Action item:
Given the records below, the lines starting at the line with "Un ouvrier en" and ending at the line with "Student looking stressed at a desk" should be output exactly, both end lines kept and pictures left out.

Data:
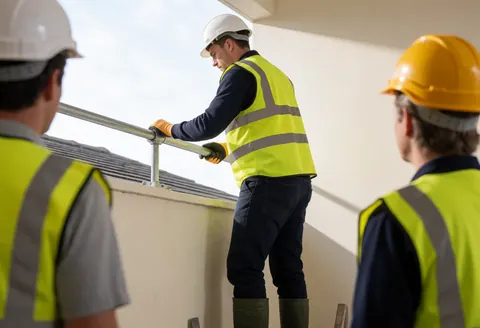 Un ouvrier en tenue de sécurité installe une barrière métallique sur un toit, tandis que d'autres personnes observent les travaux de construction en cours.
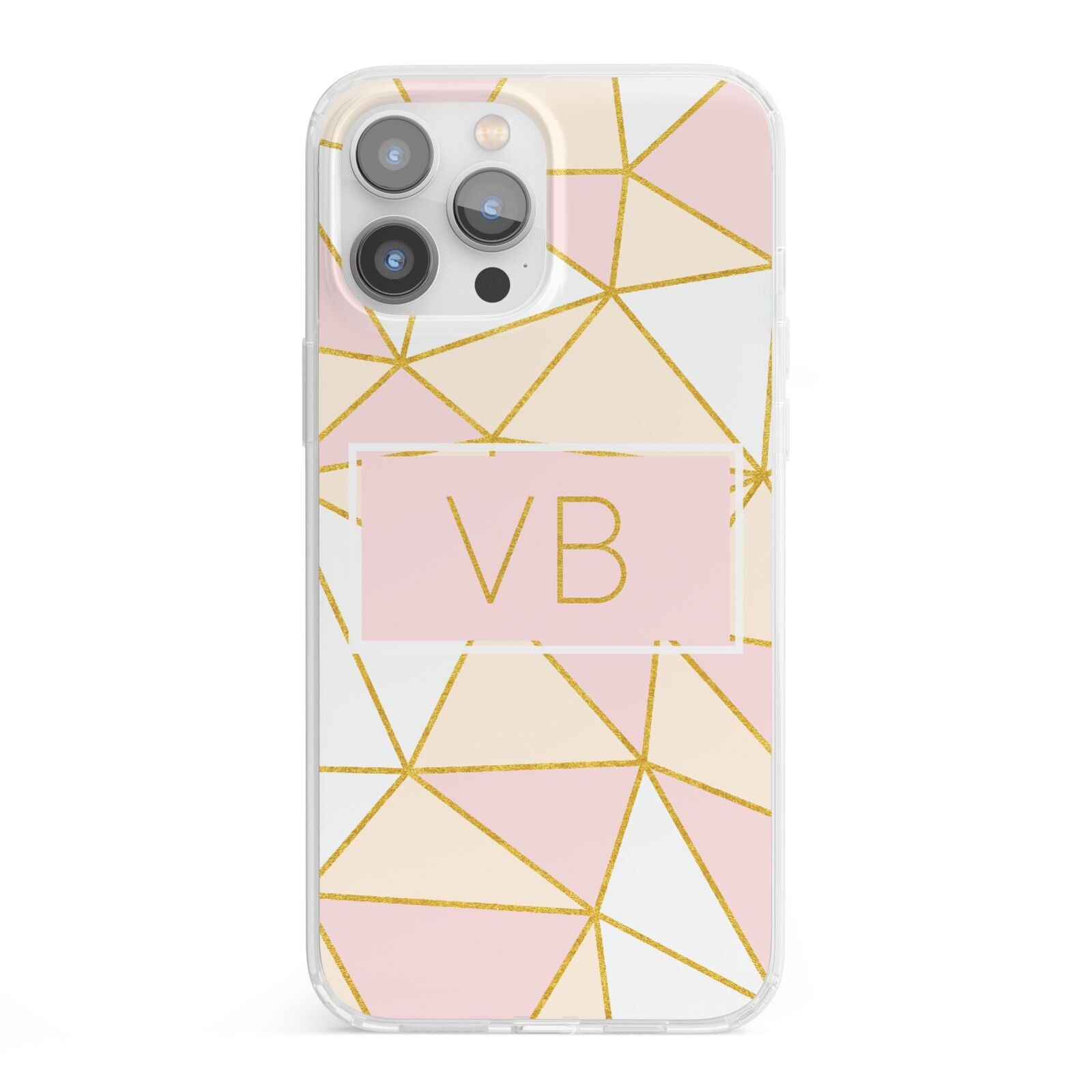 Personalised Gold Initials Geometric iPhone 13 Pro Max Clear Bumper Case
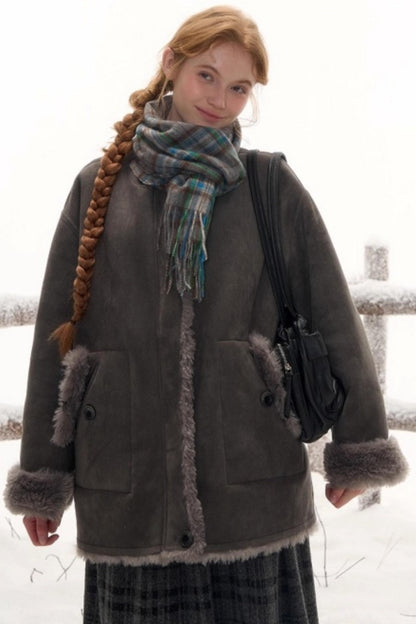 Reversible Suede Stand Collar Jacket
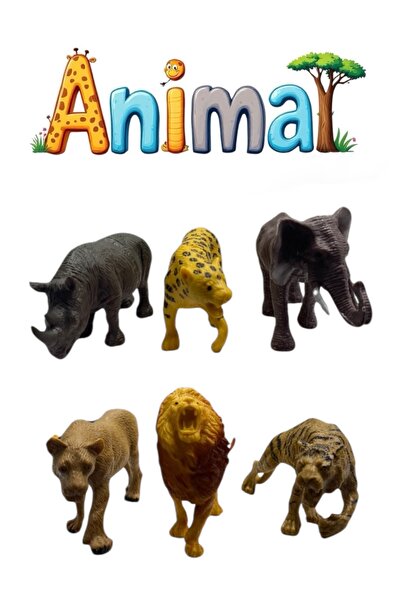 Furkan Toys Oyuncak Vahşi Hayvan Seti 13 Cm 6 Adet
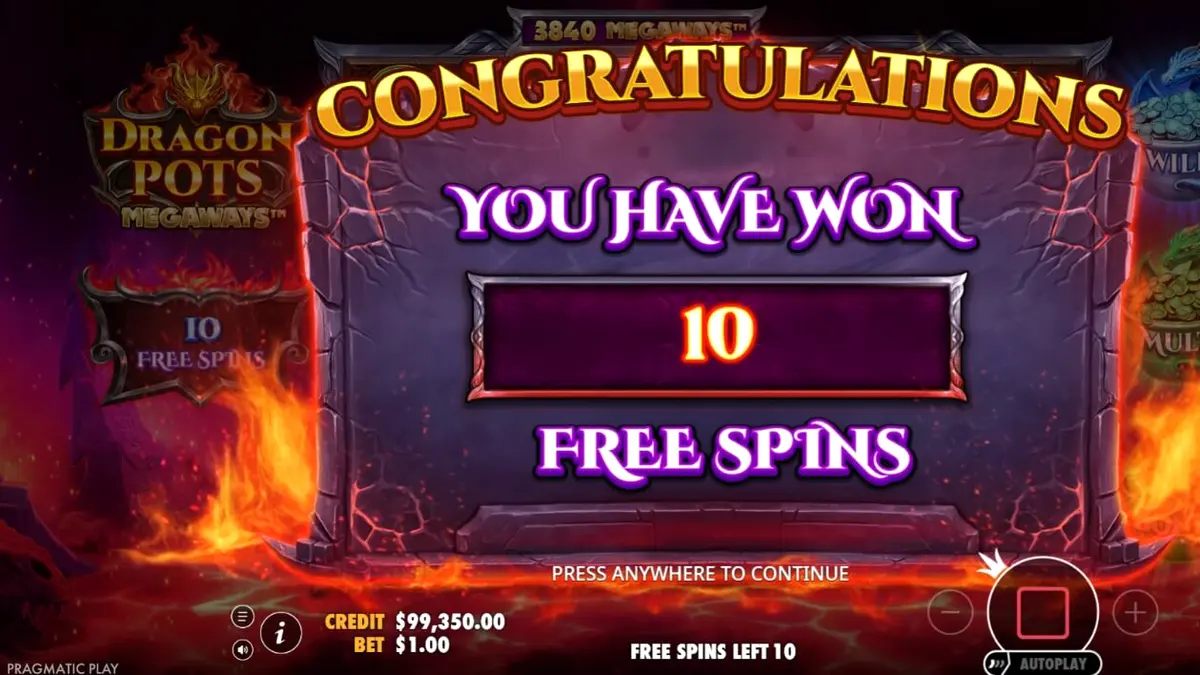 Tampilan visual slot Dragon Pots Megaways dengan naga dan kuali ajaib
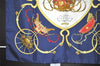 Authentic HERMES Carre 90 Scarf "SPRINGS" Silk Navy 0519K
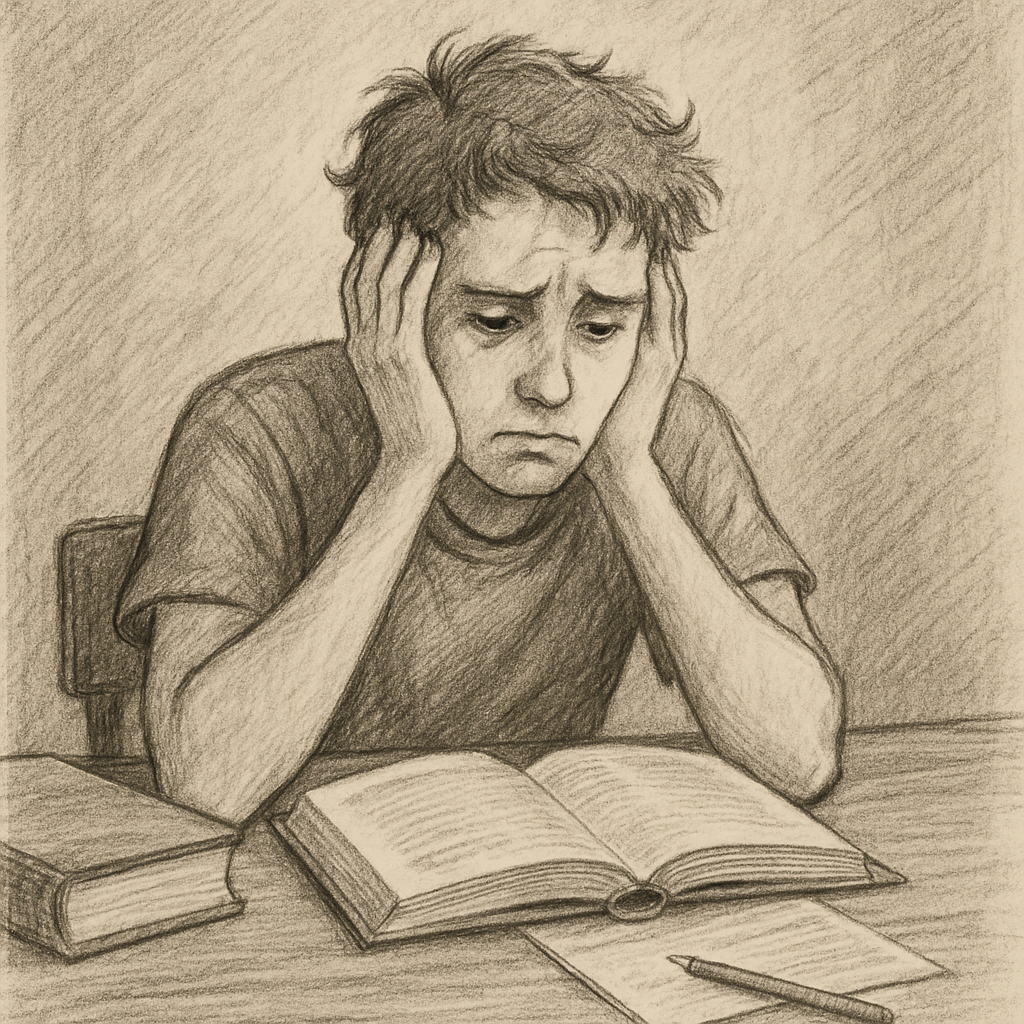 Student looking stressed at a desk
* * *
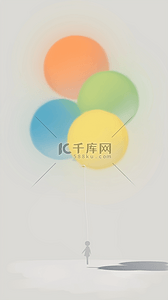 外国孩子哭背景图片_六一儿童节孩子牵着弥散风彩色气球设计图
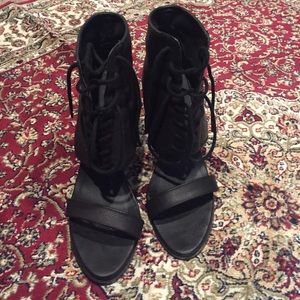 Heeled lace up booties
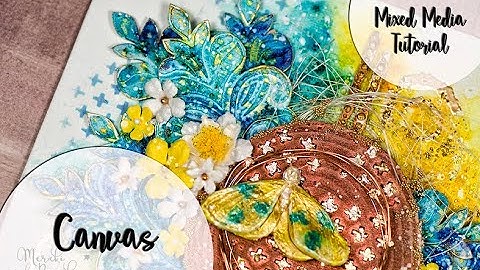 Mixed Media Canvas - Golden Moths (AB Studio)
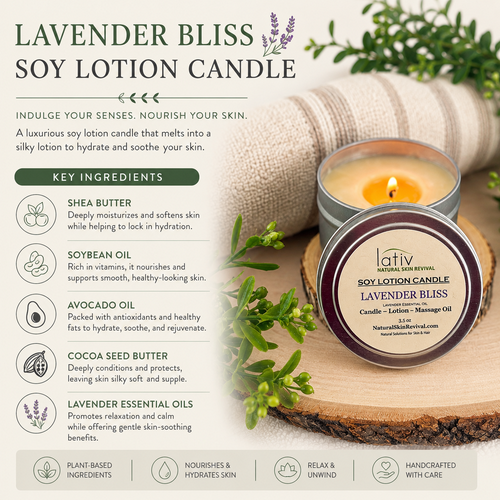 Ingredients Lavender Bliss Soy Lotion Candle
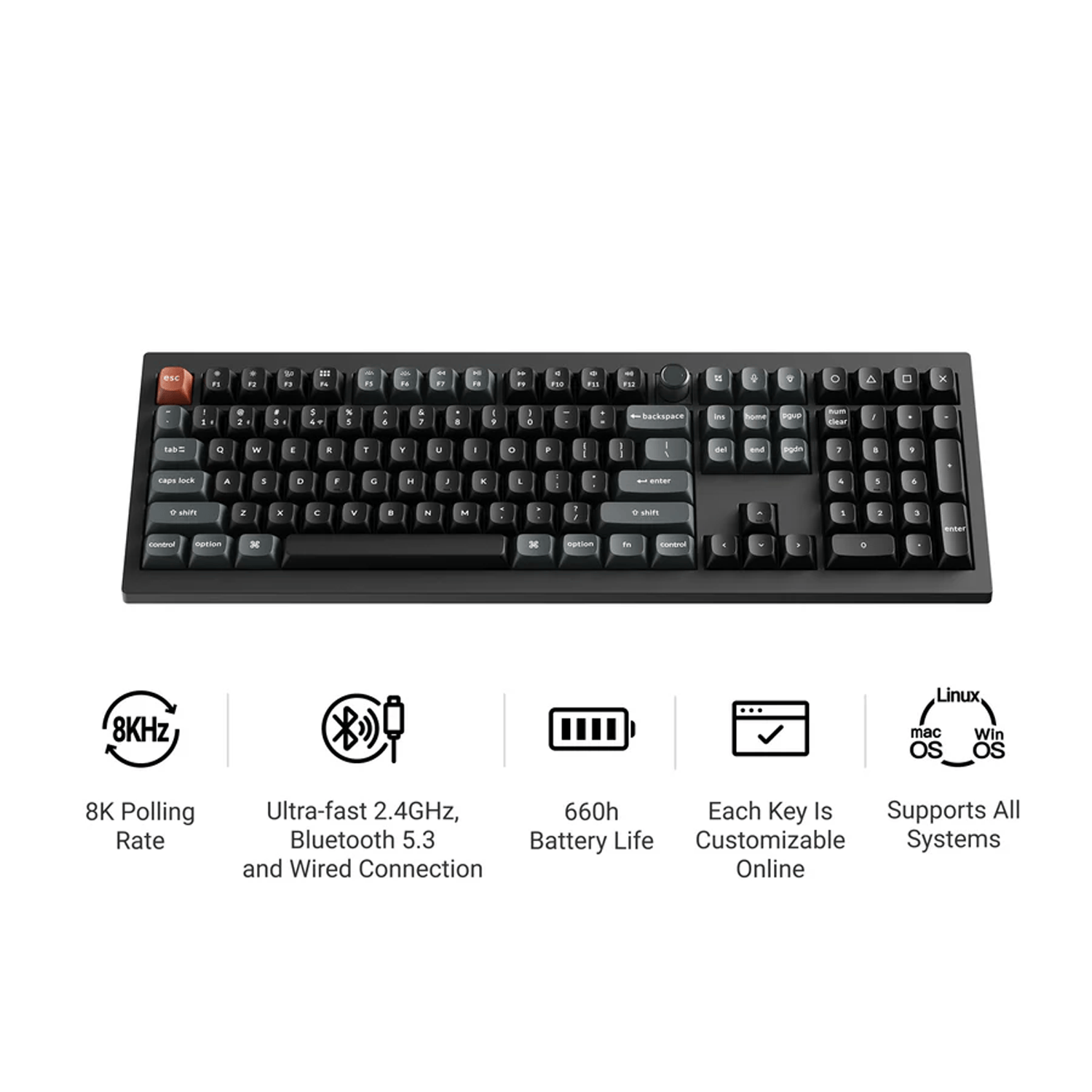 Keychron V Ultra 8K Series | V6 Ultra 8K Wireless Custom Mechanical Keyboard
==
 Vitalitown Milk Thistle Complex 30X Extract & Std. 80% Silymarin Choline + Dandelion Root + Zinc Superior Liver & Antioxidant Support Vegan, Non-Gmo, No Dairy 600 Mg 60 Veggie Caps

Written solution:
 Un ouvrier en tenue de sécurité installe une barrière métallique sur un toit, tandis que d'autres personnes observent les travaux de construction en cours.
 Personalised Gold Initials Geometric iPhone 13 Pro Max Clear Bumper Case
 Reversible Suede Stand Collar Jacket
 Furkan Toys Oyuncak Vahşi Hayvan Seti 13 Cm 6 Adet
 Tampilan visual slot Dragon Pots Megaways dengan naga dan kuali ajaib
 Authentic HERMES Carre 90 Scarf "SPRINGS" Silk Navy 0519K
 Student looking stressed at a desk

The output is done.